▶ [DATA SUPPLIED]:
==========

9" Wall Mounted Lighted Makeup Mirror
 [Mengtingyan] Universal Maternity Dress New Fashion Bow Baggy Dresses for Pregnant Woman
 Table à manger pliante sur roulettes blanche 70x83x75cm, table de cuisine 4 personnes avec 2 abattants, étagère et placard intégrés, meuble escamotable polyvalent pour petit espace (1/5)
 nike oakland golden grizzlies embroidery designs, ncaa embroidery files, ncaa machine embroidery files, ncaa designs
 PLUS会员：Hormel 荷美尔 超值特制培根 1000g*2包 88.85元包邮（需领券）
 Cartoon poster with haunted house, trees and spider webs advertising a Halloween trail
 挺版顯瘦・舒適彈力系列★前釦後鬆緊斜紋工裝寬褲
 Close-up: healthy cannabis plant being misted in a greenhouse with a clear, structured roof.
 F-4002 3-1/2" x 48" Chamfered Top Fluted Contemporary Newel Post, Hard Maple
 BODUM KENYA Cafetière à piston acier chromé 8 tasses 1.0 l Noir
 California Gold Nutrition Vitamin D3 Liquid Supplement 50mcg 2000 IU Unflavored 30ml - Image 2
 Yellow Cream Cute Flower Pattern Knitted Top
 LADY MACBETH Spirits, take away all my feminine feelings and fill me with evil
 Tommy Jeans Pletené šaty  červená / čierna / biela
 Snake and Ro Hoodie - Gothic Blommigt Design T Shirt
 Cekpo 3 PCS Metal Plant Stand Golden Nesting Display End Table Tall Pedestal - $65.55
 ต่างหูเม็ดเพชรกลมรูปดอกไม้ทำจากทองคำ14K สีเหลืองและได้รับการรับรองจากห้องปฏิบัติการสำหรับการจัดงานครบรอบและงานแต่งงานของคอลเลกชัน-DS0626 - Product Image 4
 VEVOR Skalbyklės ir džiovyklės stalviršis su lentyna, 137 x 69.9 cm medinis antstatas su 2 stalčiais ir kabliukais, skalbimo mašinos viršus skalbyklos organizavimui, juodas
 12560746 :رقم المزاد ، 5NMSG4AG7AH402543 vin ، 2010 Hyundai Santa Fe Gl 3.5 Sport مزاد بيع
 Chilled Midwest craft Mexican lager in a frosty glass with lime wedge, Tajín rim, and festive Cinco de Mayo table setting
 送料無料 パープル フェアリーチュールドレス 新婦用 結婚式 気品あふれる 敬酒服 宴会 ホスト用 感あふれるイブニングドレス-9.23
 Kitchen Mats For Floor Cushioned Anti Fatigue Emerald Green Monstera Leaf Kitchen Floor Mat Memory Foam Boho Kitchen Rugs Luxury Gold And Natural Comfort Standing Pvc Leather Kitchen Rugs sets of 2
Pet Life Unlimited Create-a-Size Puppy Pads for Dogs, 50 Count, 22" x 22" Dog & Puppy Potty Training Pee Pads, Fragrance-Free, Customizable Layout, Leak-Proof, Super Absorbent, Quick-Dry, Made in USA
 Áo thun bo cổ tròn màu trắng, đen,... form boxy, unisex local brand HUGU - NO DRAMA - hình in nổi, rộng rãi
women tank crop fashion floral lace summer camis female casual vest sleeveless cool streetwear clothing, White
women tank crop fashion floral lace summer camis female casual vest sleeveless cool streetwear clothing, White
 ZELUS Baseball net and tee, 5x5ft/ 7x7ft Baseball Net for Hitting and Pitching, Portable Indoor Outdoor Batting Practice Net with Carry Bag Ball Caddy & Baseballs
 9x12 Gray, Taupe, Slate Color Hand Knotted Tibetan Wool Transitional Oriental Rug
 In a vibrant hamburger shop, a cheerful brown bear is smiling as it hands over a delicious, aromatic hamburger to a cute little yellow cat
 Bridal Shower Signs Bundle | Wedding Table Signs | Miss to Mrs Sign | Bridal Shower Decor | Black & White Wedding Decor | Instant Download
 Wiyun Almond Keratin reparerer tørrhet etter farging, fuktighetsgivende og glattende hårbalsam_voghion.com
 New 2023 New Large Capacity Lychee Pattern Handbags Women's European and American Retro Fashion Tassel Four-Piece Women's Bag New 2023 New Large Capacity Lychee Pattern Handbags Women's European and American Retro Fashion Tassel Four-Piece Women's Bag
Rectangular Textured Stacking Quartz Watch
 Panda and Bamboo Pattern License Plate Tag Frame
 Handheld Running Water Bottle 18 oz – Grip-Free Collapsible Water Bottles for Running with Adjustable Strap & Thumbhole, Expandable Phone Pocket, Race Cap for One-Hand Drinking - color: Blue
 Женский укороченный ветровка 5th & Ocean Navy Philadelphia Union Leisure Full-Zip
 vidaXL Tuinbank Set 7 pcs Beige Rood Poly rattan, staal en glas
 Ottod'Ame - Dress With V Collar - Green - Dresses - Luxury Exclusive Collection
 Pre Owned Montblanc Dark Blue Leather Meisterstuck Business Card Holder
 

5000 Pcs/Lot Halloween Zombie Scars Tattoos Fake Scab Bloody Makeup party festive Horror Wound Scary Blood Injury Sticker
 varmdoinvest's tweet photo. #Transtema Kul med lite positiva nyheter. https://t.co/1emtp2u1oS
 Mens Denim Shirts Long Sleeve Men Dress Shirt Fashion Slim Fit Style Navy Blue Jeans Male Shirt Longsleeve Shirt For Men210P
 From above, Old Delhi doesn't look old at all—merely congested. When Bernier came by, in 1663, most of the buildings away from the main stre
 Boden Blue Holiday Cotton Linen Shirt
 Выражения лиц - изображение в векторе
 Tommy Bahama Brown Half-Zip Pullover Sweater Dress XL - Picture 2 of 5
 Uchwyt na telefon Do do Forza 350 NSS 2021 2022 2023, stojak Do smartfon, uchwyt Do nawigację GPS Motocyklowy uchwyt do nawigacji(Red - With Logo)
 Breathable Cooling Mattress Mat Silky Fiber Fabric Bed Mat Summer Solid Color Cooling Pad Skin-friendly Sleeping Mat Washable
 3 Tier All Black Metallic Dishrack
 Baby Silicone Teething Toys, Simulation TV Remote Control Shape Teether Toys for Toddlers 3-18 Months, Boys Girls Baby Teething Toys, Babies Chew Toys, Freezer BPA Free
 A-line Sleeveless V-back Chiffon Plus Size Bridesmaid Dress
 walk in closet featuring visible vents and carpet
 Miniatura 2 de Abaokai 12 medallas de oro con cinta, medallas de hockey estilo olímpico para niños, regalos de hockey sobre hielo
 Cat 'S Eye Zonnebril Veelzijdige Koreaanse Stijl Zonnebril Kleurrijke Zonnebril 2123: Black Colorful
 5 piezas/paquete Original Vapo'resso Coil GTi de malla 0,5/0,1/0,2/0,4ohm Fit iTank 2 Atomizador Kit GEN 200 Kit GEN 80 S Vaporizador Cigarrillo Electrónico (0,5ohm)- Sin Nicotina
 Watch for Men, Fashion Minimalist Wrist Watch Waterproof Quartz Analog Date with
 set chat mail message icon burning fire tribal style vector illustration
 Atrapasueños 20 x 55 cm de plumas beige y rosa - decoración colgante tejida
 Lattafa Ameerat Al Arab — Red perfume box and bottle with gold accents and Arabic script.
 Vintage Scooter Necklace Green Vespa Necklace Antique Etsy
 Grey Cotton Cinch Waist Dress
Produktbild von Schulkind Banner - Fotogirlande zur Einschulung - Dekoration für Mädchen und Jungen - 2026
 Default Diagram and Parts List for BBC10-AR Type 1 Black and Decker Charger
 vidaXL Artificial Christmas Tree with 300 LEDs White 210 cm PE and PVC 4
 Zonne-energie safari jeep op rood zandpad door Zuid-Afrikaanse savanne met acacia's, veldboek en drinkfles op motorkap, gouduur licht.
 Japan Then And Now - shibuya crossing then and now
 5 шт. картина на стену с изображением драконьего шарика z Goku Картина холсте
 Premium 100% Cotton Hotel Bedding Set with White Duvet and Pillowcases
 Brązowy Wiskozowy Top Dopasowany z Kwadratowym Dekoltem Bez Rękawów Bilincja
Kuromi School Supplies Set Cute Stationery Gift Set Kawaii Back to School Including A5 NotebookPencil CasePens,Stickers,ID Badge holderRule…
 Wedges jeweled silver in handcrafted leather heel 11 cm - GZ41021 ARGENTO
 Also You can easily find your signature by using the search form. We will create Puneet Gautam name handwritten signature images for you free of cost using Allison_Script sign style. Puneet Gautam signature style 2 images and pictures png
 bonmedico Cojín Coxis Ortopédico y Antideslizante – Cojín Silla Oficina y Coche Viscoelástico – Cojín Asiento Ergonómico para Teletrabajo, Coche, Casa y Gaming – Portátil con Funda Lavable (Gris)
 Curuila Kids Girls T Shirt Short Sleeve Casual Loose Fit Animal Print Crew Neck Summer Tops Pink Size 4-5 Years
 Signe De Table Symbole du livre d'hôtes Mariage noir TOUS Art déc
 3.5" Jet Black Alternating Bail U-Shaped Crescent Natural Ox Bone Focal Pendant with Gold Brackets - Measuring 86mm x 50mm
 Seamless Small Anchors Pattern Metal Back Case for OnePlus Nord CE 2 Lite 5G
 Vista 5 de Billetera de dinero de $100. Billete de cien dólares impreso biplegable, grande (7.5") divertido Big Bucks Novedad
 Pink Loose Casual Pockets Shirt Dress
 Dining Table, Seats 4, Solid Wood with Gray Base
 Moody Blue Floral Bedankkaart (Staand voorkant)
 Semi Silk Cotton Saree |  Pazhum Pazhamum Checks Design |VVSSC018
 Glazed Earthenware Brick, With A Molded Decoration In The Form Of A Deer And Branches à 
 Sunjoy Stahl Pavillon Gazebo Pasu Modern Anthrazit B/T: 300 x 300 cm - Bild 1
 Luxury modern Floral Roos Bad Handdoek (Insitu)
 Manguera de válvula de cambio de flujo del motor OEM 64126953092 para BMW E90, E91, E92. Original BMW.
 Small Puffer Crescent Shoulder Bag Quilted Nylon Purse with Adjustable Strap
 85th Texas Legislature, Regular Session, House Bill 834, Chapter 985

==========

▶ [PROBLEM TO WORK ON]: Output exactly the lines of the records from the first through the one bearing "Table à manger", both ends included.

▶ [FINISHED TASK]:
9" Wall Mounted Lighted Makeup Mirror
 [Mengtingyan] Universal Maternity Dress New Fashion Bow Baggy Dresses for Pregnant Woman
 Table à manger pliante sur roulettes blanche 70x83x75cm, table de cuisine 4 personnes avec 2 abattants, étagère et placard intégrés, meuble escamotable polyvalent pour petit espace (1/5)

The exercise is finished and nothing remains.